DESCRIPTION OF THE TASK:
Would you retype exactly the lines below, starting with the one that has "Hypoallergenic Flannel Throw" and going on through the one that has "Jywj Bat Neon", with no pictures and nothing else?

─── SOURCE MATERIAL ───

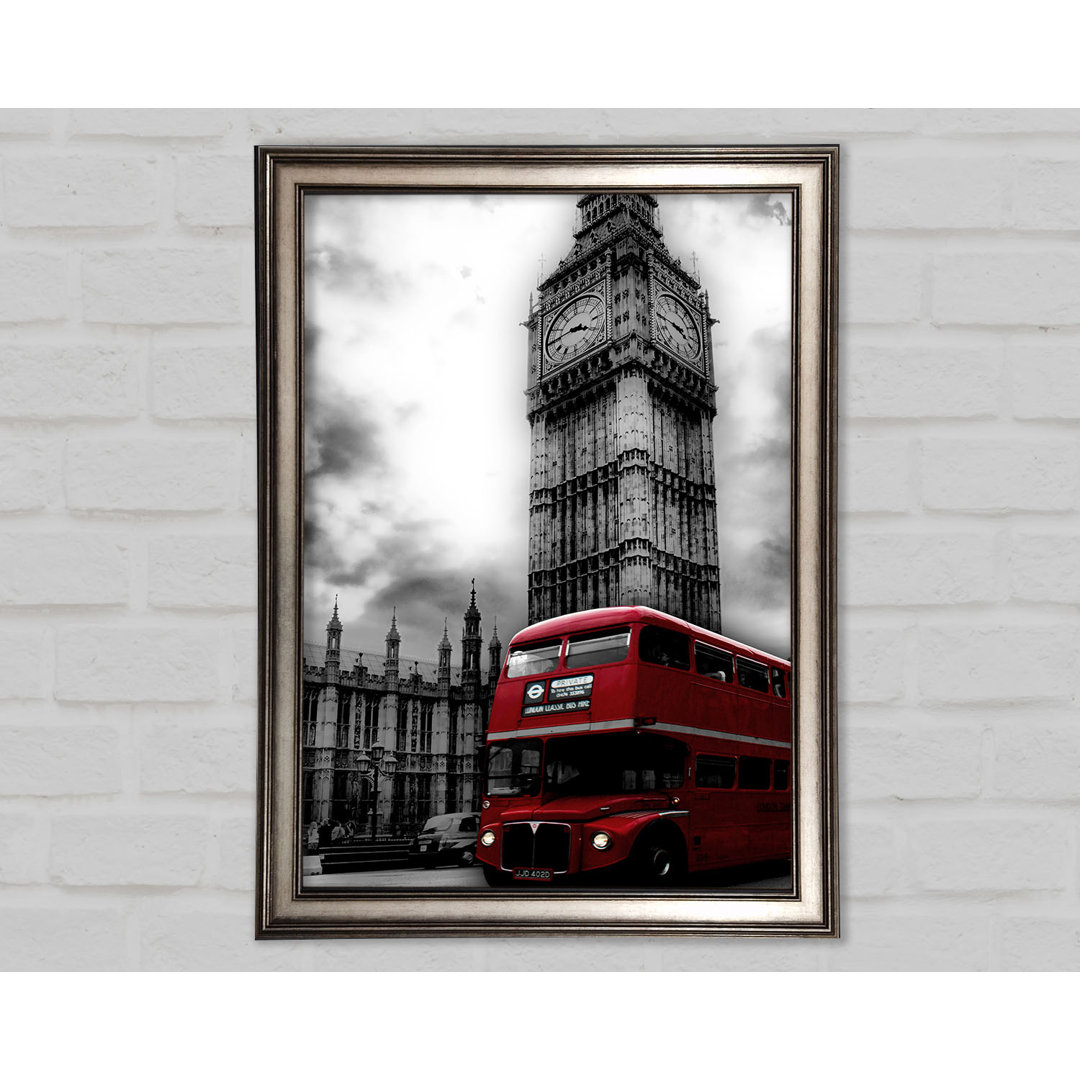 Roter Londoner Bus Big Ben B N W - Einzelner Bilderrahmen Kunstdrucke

───
─── SOURCE MATERIAL ───

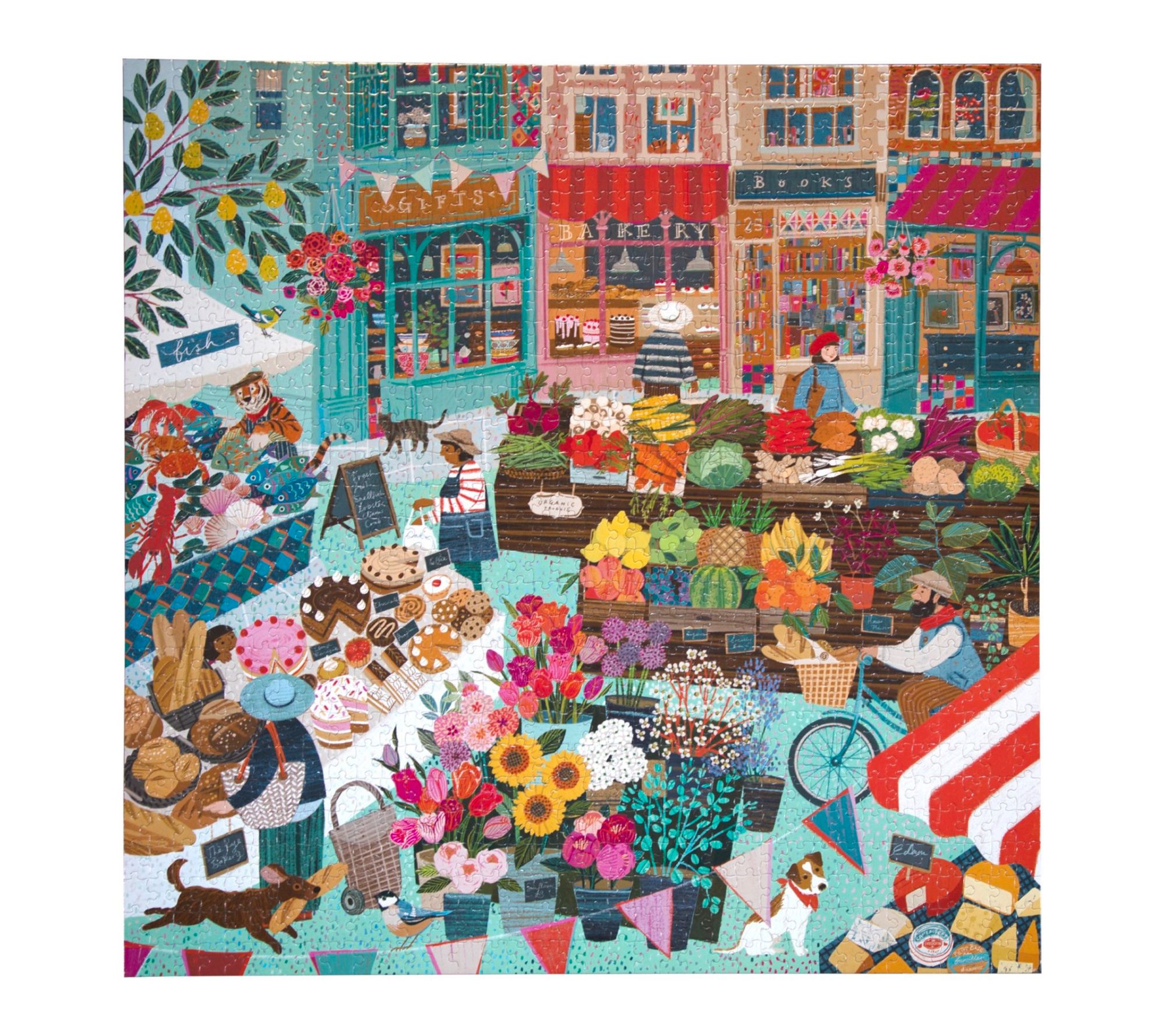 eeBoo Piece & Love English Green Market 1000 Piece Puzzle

───
─── SOURCE MATERIAL ───

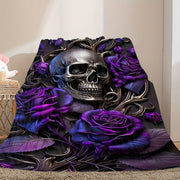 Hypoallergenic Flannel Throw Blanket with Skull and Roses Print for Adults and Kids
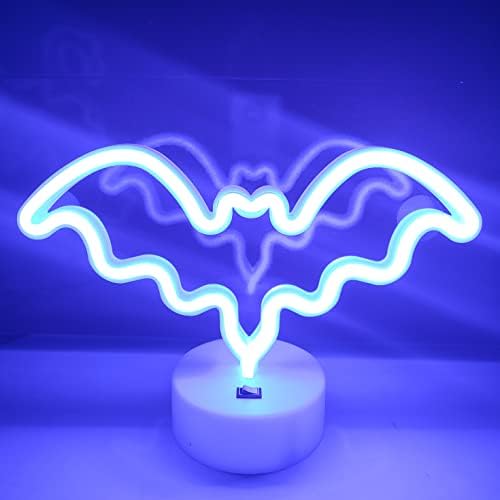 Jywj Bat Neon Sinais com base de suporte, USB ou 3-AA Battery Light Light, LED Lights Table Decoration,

───

OUTPUT:
 Hypoallergenic Flannel Throw Blanket with Skull and Roses Print for Adults and Kids
 Jywj Bat Neon Sinais com base de suporte, USB ou 3-AA Battery Light Light, LED Lights Table Decoration,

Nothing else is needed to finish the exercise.